Kaptain suggested the city use a portion of the money raised by the new 3 percent liquor tax to fill the funding gap for the program, and to support the police department’s drug and alcohol abuse prevention program.
But he didn’t get much support for that Wednesday. Council members John Steffen, Rich Dunne, Anna Moeller and John Prigge expressed varying degrees of reluctance about tapping into the city’s operating funds to pay for the programs.
Steffen asked Swoboda to investigate other funding alternatives; Dunne suggested using the department’s drug forfeiture fund. Moeller suggested looking for other grant opportunities and said the city should partner with School District U46 on the drug and alcohol abuse prevention education program. “Perhaps U46 has resources available to them” that the city doesn’t, she said.
Prigge expressed misgivings about city funding for either program. “I don’t know if we should be in this kind of education business. If it progresses to a point where we’re going to take a vote on it, everyone should talk to their constituents” first, he said.

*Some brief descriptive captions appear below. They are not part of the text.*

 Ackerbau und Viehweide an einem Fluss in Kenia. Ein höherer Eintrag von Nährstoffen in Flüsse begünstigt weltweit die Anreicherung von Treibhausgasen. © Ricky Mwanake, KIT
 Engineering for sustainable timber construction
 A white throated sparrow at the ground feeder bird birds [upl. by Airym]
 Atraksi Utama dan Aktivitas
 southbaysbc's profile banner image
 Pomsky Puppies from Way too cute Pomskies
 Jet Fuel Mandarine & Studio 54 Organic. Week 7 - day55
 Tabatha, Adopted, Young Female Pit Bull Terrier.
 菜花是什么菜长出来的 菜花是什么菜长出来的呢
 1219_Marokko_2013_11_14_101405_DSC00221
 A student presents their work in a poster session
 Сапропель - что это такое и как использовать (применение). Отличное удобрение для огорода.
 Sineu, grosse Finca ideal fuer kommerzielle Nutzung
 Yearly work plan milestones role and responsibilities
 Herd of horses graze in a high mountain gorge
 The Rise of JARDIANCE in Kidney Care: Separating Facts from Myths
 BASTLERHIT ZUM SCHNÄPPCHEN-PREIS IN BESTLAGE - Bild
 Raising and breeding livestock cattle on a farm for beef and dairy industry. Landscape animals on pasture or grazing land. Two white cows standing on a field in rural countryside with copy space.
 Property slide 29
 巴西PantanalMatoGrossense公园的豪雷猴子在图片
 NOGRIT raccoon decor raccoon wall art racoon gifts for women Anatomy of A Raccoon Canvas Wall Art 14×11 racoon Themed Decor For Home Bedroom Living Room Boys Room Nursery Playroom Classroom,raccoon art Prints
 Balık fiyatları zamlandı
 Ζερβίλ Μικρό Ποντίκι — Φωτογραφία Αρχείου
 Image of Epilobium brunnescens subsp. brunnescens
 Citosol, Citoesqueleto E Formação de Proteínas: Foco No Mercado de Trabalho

Noting that the city council created new taxes this year – including the liquor tax -- to fill an expected large gap in city revenue, Prigge said council members should consider how taxpayers would react to using some of the new tax money to create or expand a city service. “Remember, the other shoe’s gonna drop this fall when seniors don’t get their $200 check,” referring to the senior citizen property tax rebate program the council ended this year. “They might say we took their money” to pay for drug education and safety checks instead, Prigge said.
“I’m not coming here with any specific program right now,” Swoboda told council members. “I’m just providing a general landscape” about the problem.
The police chief said the most popular drugs in the community are cocaine, marijuana and heroin. Police confiscated 1 gram of heroin in 2008; 31 grams in 2009; 76.7 grams in 2010; 230 grams (a little more than half a pound) in 2011; and 91.4 grams so far this year. “We had 14 drug overdoses in 2011, and six to date this year,” he said.
Swoboda said he would provide council members with more data about the costs associated with the programs and what resources could be available – or manpower reassigned -- for continuing them.